» **What the task asks**:
Please restate the data below word for word, omitting all images.

▬▬▬

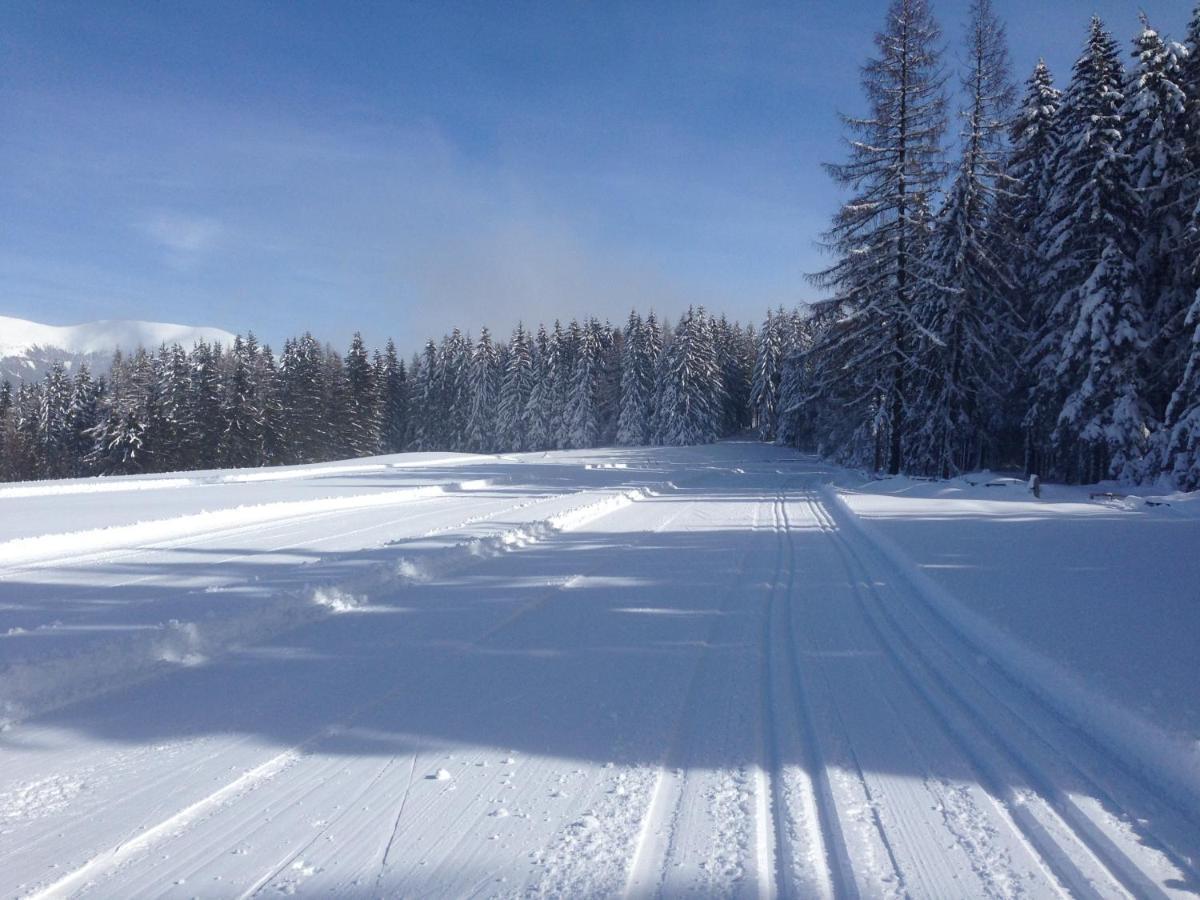 Вилла Urlaub Im Zirbenland Obdach Экстерьер фото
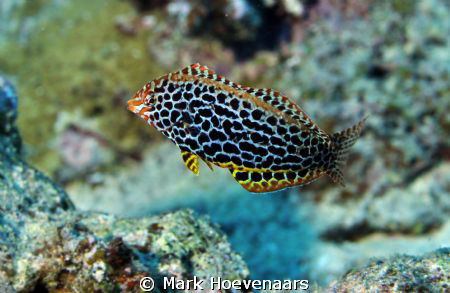 Leopard Wrasse by Mark Hoevenaars 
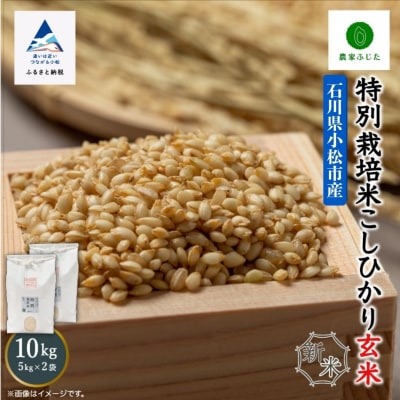 コシヒカリ 玄米 10kg 令和7年産 新米 特別栽培米こしひかり 【農家ふじた】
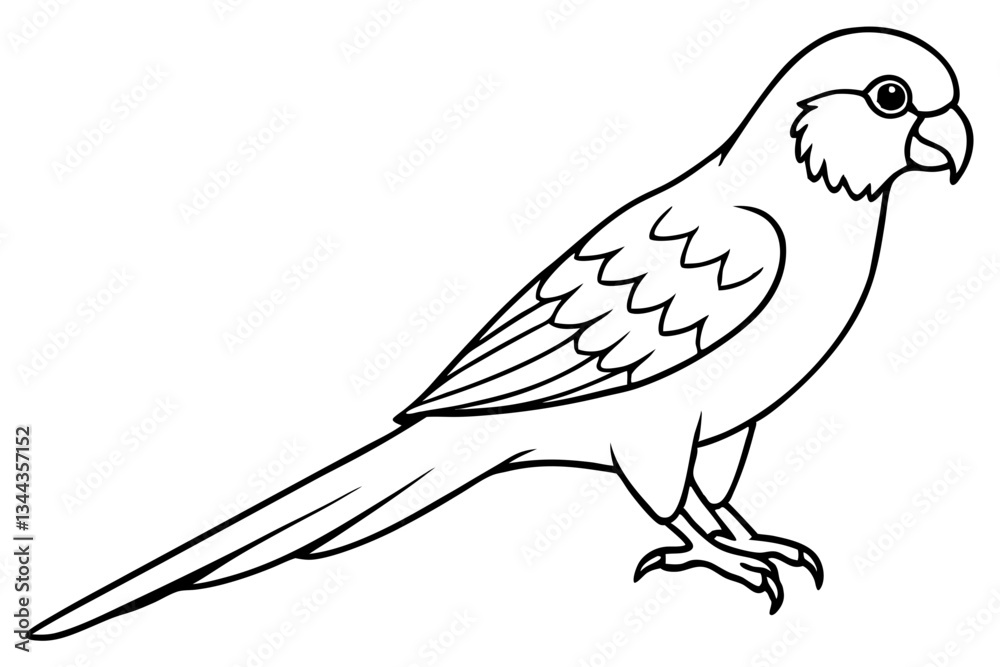 Obraz premium lorikeet line art silhouette vector illustration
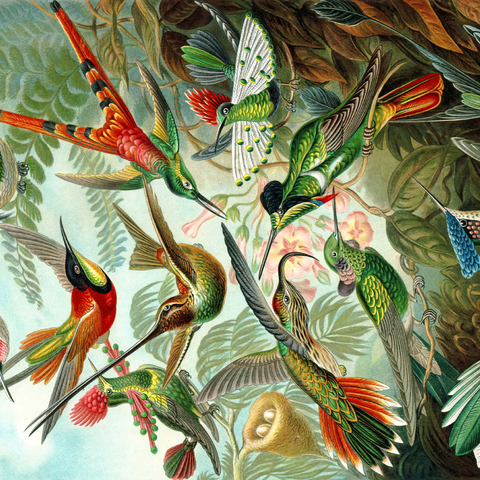 Hummingbirds and Trochilidae (Kolibris), Vintage Art Poster, Ernst Haeckel 1000 Puzzle 3D Modell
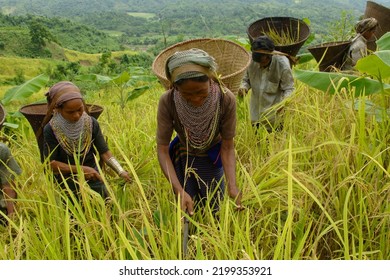 1,970 Bangladeshi village Images, Stock Photos & Vectors | Shutterstock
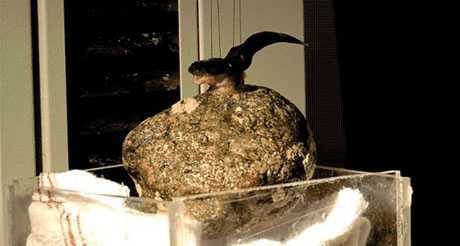 Sửng sốt cá Clingfish tí hon nhấc vật nặng hơn trăm lần cơ thể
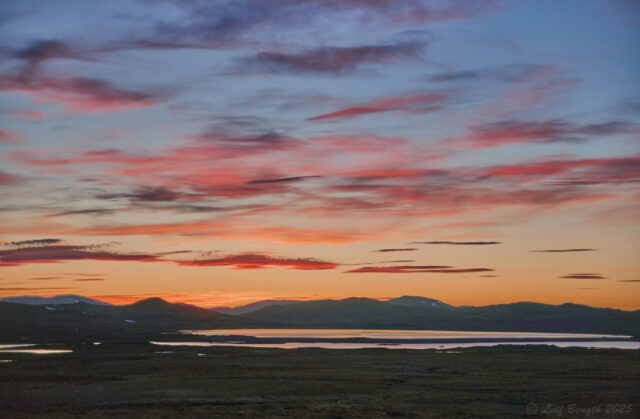 Stekenjokk mitt i natten...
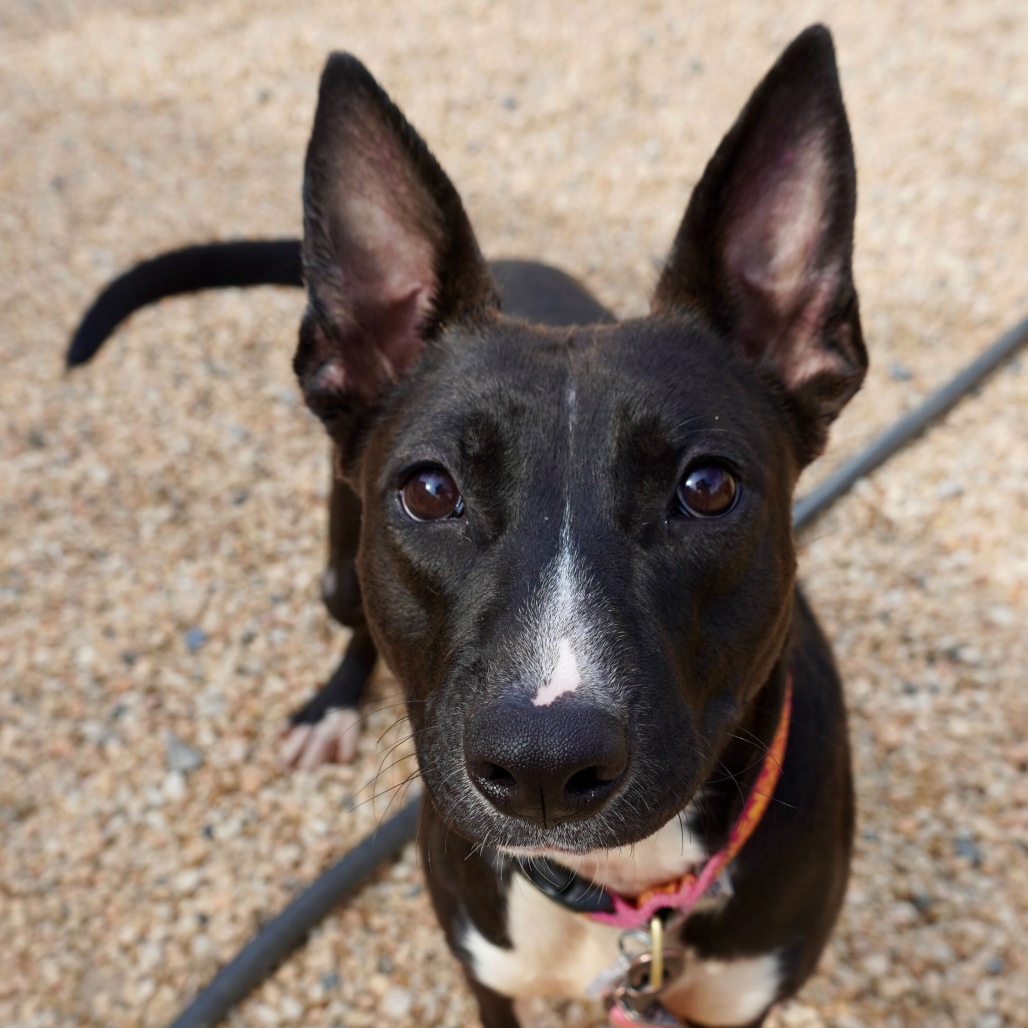 Coconut — thumbnail 5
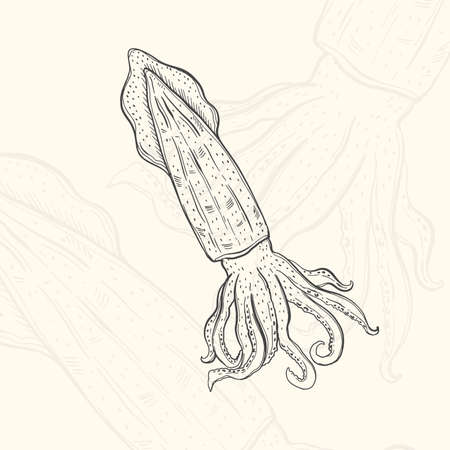 Illustration squid sketch food.Hand drawn element design menu. Isolated object in white backgroundのイラスト素材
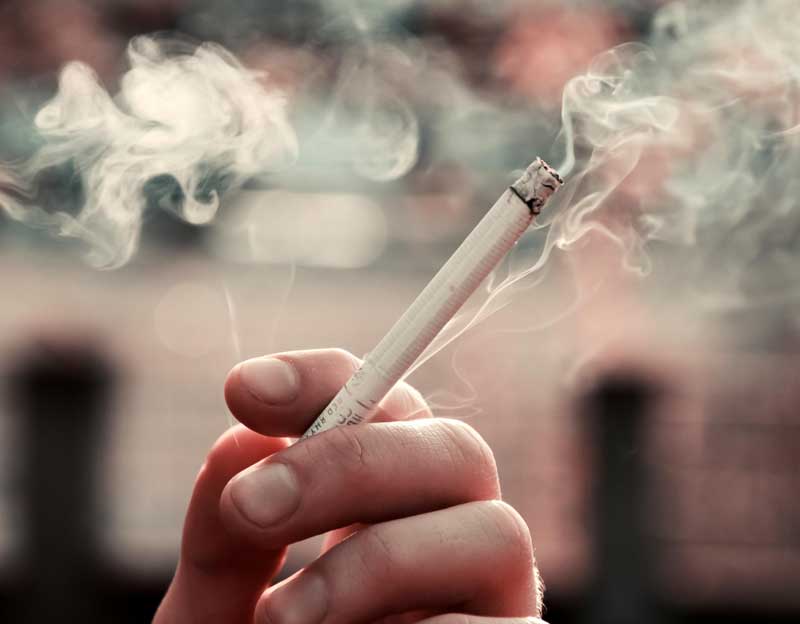 final_lungcancer2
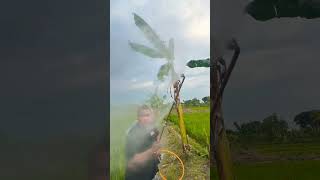 Download lagu Reneo Tak Rondap Ndeng gendeng 🤣🤣🤩 #petaniabiez #rondapgank #lucu #rombongannyeni mp3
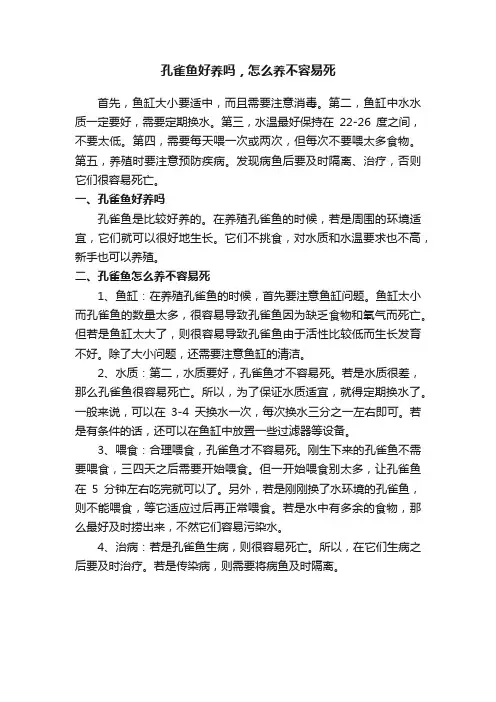 孔雀鱼好养吗，怎么养不容易死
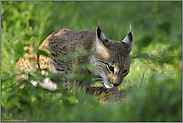 Beutespektrum... Eurasischer Luchs *Lynx lynx*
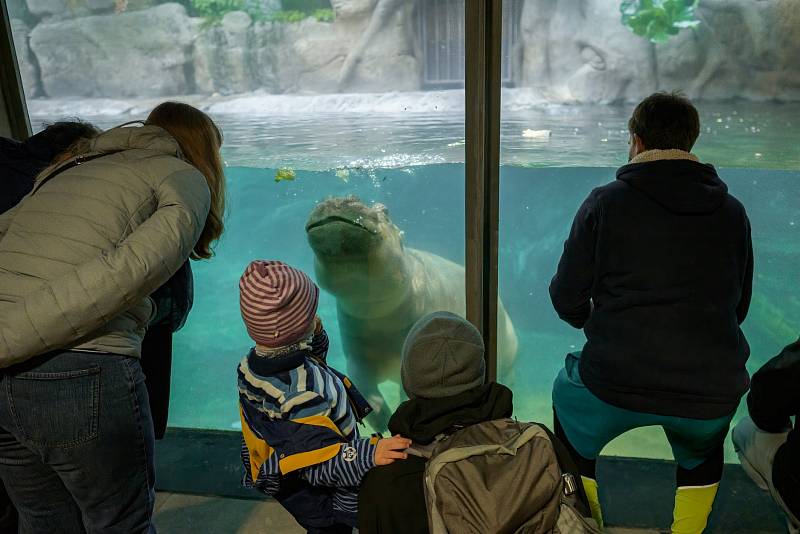 Tchéco řádí v čisté vodě, Pavilon hrochů v Zoo Praha byl otevřen po rekonstrukci.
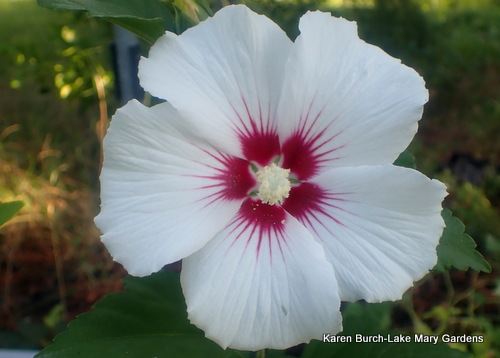 Rose of Sharon White grown from seeds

▬▬▬

» **Result below**:
 Вилла Urlaub Im Zirbenland Obdach Экстерьер фото
 Leopard Wrasse by Mark Hoevenaars 
 コシヒカリ 玄米 10kg 令和7年産 新米 特別栽培米こしひかり 【農家ふじた】
 Obraz premium lorikeet line art silhouette vector illustration
 Hummingbirds and Trochilidae (Kolibris), Vintage Art Poster, Ernst Haeckel 1000 Puzzle 3D Modell
 1,970 Bangladeshi village Images, Stock Photos & Vectors | Shutterstock
 Sửng sốt cá Clingfish tí hon nhấc vật nặng hơn trăm lần cơ thể
 Stekenjokk mitt i natten...
 Coconut — thumbnail 5
 Illustration squid sketch food.Hand drawn element design menu. Isolated object in white backgroundのイラスト素材
 final_lungcancer2
 Download lagu Reneo Tak Rondap Ndeng gendeng 🤣🤣🤩 #petaniabiez #rondapgank #lucu #rombongannyeni mp3
 孔雀鱼好养吗，怎么养不容易死
 Beutespektrum... Eurasischer Luchs *Lynx lynx*
 Tchéco řádí v čisté vodě, Pavilon hrochů v Zoo Praha byl otevřen po rekonstrukci.
 Rose of Sharon White grown from seeds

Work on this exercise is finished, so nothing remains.